Just recently I had an illustration of this condition brought before me so far as the egg-grading act is concerned. I should like to discuss it for a moment as emblematic of the type of discrimination or neglect which, in my opinion, this and other parliaments have shown towards the agriculturist. A new egggrading regulation was introduced in my district the first of the past month. We have had egg-grading regulations before, and the government, through its efficient employees, sponsored the establishment of a pool in one particular area of my riding. The government representative, with the egg and poultry regulation act in his hand, organized an egg pool. A meeting was held and directors were elected. He advised the farmers to elect a manager, pay him a salary, have him bonded for honesty, and ask him to send a return in to the government every week. He was compelled to give a return to every farmer whose eggs he graded. The return given to the farmer must show the quantity of eggs, the quality of the eggs, the name of the man from whom they were purchased, and the price paid. These things were compulsory. The report to be given to the Department of Agriculture-entirely optional, not by any means compulsory-provided that he report

The Budget-Mr. Gershaw

weekly the quantities sold, the grades of those quantities, not the price at which the eggs were sold, but the quantity sold.

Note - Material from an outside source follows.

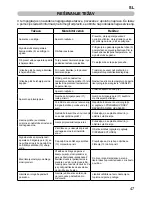 Preview for 49 page of Imetec NO STOP VAPOR 80506 Operating Instructions Manual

A year elapsed in the operation of this particular egg pool, and here was the result. An auditor was engaged, with the cooperation of the Department of Agriculture, and he made an audit of the transactions of the past eight months. He found out, from what prices he could ascertain-and most of the prices he could not learn-that there was a big discrepancy. He came to the Department of Agriculture to find out what should be done. They could not ascertain to whom the manager sold the eggs, what the grading was, or what the prices received were. There was no compulsion upon the manager to give a report to the Department of Agriculture, and there was no way of punishing him if he rendered a wrong report.

Let us compare that situation with the legislation in operation so far as tradesmen are concerned. In the same week in which this matter came to my attention a carpenter came to my law office to ask me to defend him on a charge in the police court. He had, by statutory enactment, to send in a report to the local council, with a penalty if he failed to do so, giving the name of each man he hired, the place he worked, the hours he worked, and the pay he received. According to his own statement to me, he had paid a carpenter sixty cents an hour when the minimum was greater, and he was forced to pay the balance. Compare these circumstances; contrast the protection given to barbers, painters, decorators, plumbers, tinsmiths, with the protection given to agriculturists by way of legislation, by way of penalty for breaches of requirements or requests of the Department of Agriculture-for instance, in the grading of eggs.

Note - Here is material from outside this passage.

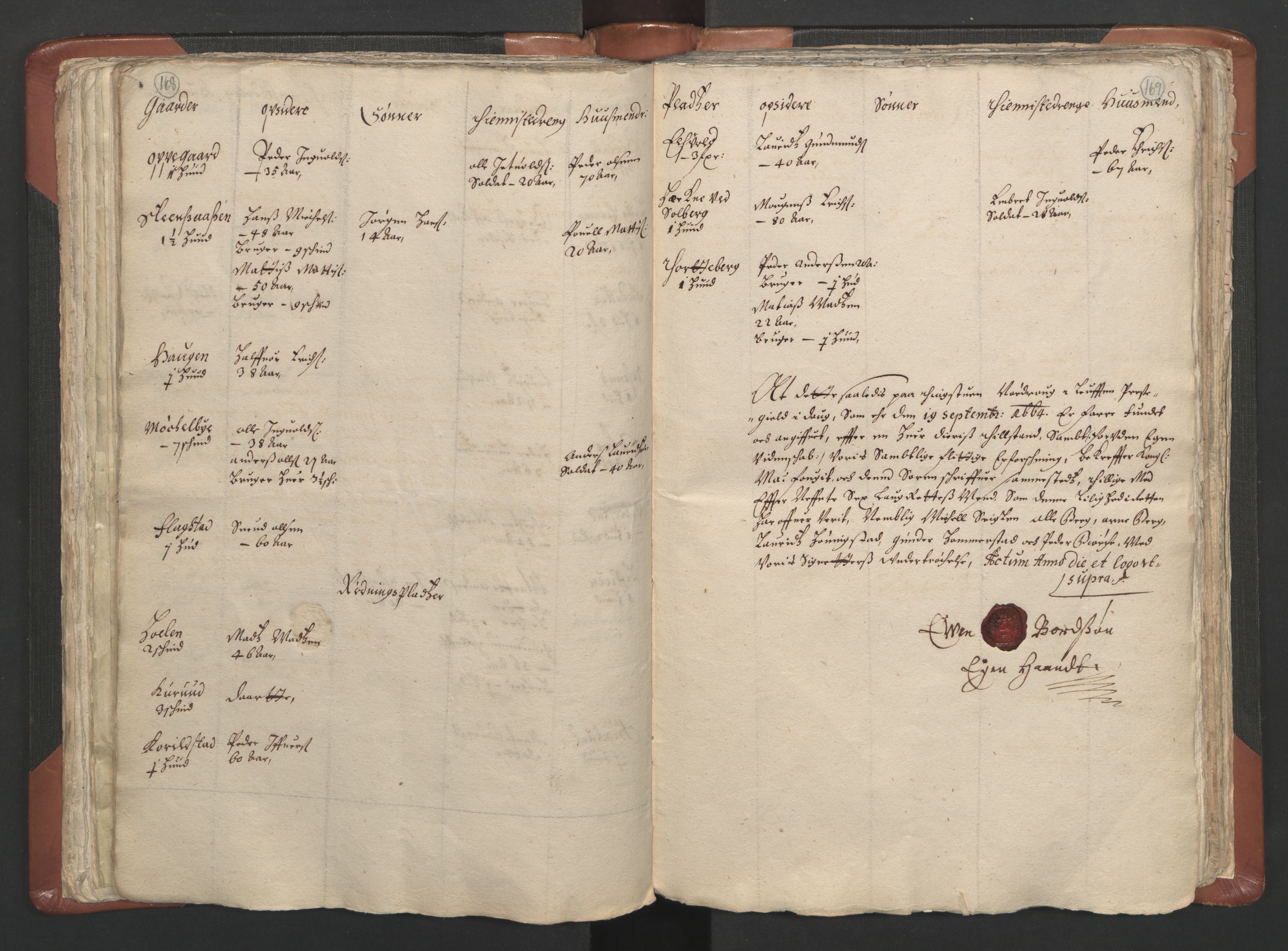 RA, Vicar's Census 1664-1666, no. 5: Hedmark deanery, 1664-1666, p. 168-169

In my opinion those things clearly indicate why agriculture has lagged behind in the progress of the times and why the farmers feel-and I have no doubt about it-that they are not getting for their labour the returns to which they are entitled. We in this part of the house urged that greater consideration be given, but the government did not see fit to comply with that request. However, I ask them now to pay some attention to this matter and grant some relief so far as the tax on gasoline is concerned.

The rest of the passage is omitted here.